Tras una noche nada apacible Clary despertó a causa de los insistentes besos en su cuello y las caricias que unas manos daban a su muslo, así como la molesta sensación en su espalda baja, perteneciente a la erección de su novio.

–Jace, quiero dormir –murmuró.

–Vamos amor, anoche no pude hacértelo –ronroneó llevando una de sus manos a la entrepierna de ella.

–¿Y de quién fue la culpa? –sentenció la chica mientras se removía entre las sábanas para escapar al toque del rubio.

–Tuya. Te fuiste a quién sabe dónde y me quedé dormido esperándote –soltó cínicamente su prometido e intentó atraerla hacia él de nuevo.

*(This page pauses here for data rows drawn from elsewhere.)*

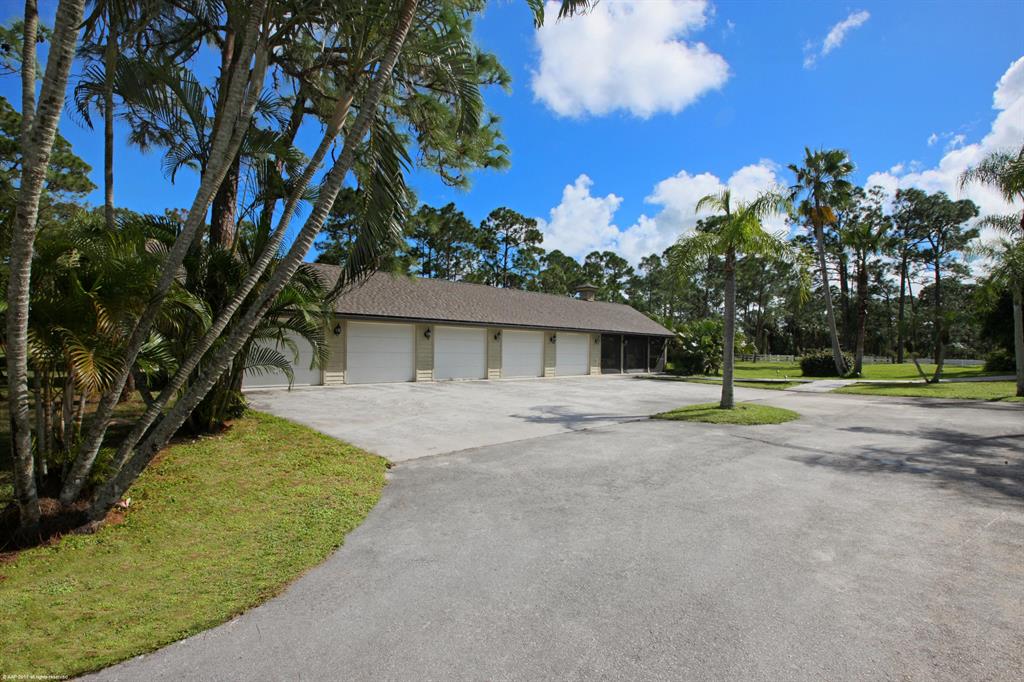 PALM CITY FARMS - Residential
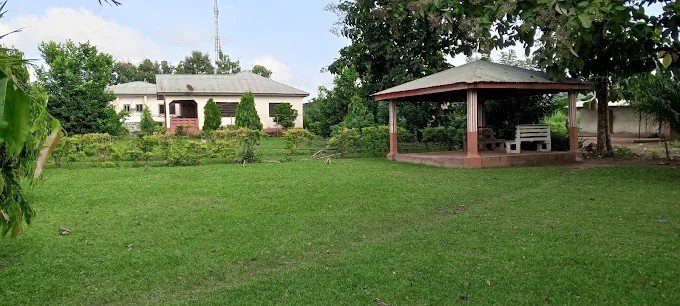 River View Lodge Kintampo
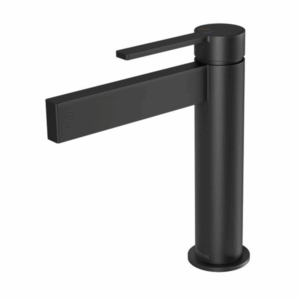 Phoenix - Lexi MKII - 123-7700-10 - Basin Mixer - Matte Black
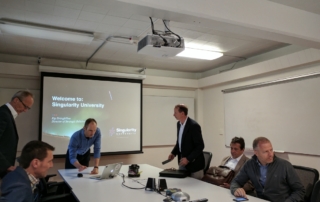 Singularity University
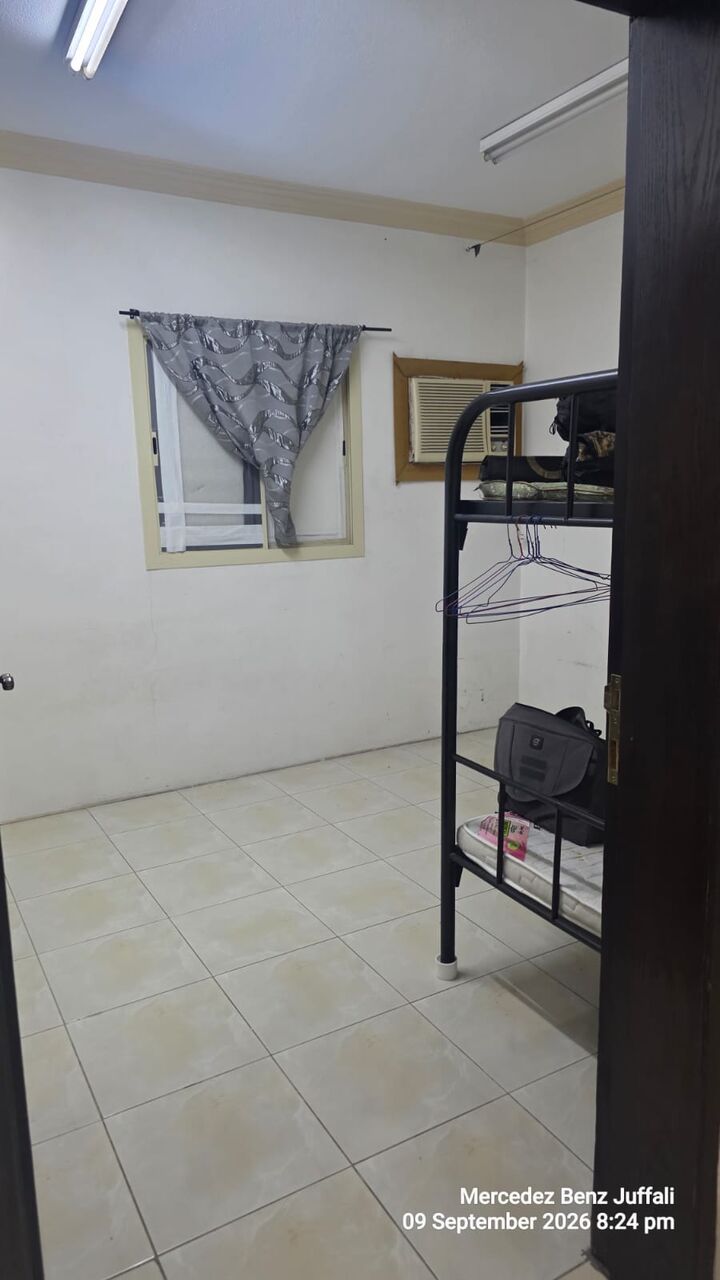 Al Thuqbah, Apartments, Flats, Houses & Villas, SAR 16/year,  Furnished,  2 BR,  Neat And Clean 2 Bedroom, 2 Bathroom And A Sala. Filipino Owner...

"Pero hay que ver" pensó la pelirroja huyendo nuevamente. Es cierto, había ido a ese lugar pero no tardo tanto, cuando regresó, el campeón que podía hacerla olvidar estaba roncando a pierna suelta. ¡Ni siquiera le había dejado espacio en su propia cama! Ahora él quería acción cuando ella no pudo conciliar el sueño, pues aunque lloró dos veces antes de acostarse, cuando finalmente lo hizo, lejos de descansar tuvo pesadillas muy realistas, casi podía jurar que alguien la observó todo el tiempo que tardó en salir el sol, así que estaba agotada e irritada para lidiar con él. Normalmente hubiera accedido a sus deseos, pues el sexo era un buen tratamiento para el dolor de cabeza, como el que sentía en ese momento, pero su cuerpo entero se negaba a ser tocado por el rubio a su lado.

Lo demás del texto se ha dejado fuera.